▶ _Supplied material_:
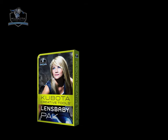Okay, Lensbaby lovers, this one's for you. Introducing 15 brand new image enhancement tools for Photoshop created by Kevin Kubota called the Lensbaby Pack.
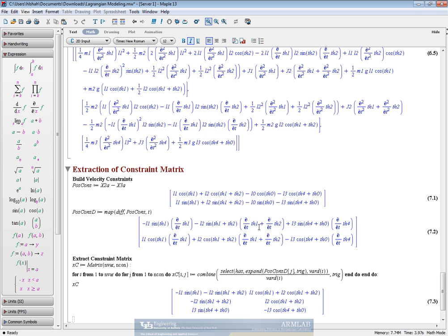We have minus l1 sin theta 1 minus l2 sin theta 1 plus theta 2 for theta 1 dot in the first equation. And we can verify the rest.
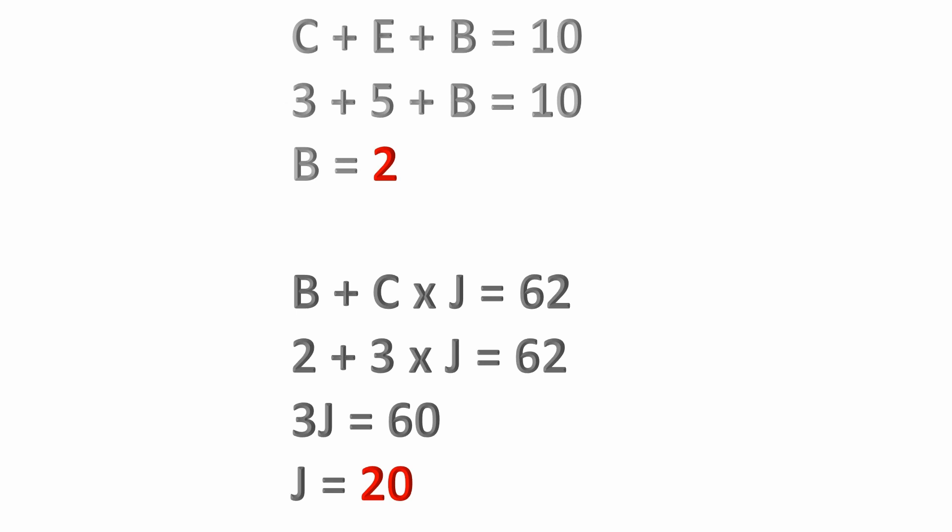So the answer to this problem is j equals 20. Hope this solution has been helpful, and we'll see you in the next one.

▶ _Work to complete_: The answer must be the full listing above, copied exactly, with no pictures in it.

▶ _Response below_:
Okay, Lensbaby lovers, this one's for you. Introducing 15 brand new image enhancement tools for Photoshop created by Kevin Kubota called the Lensbaby Pack.
We have minus l1 sin theta 1 minus l2 sin theta 1 plus theta 2 for theta 1 dot in the first equation. And we can verify the rest.
So the answer to this problem is j equals 20. Hope this solution has been helpful, and we'll see you in the next one.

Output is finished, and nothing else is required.